__Instructions for the task__: Please give back the lines from the line containing "Dior Capture Crema" through the end of the listing below, exactly as written and without pictures.

__Source material__:
::::
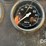 ford-l8000-image-49
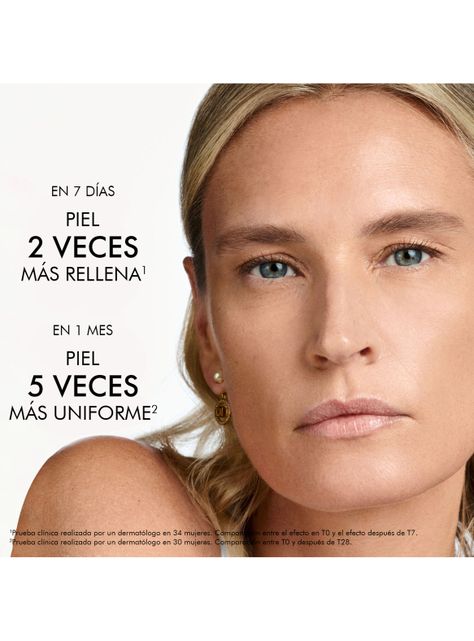 Dior Capture Crema de día - Corrección antiedad de alto rendimiento, arrugas y firmeza-3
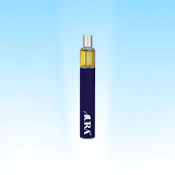 AURA Vape AIO 1g Super Lemon Haze 00310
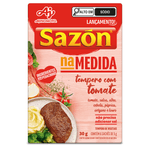 Tempero-Sazon-na-Medida-com-Tomate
::::
__Response area__:
 Dior Capture Crema de día - Corrección antiedad de alto rendimiento, arrugas y firmeza-3
 AURA Vape AIO 1g Super Lemon Haze 00310
 Tempero-Sazon-na-Medida-com-Tomate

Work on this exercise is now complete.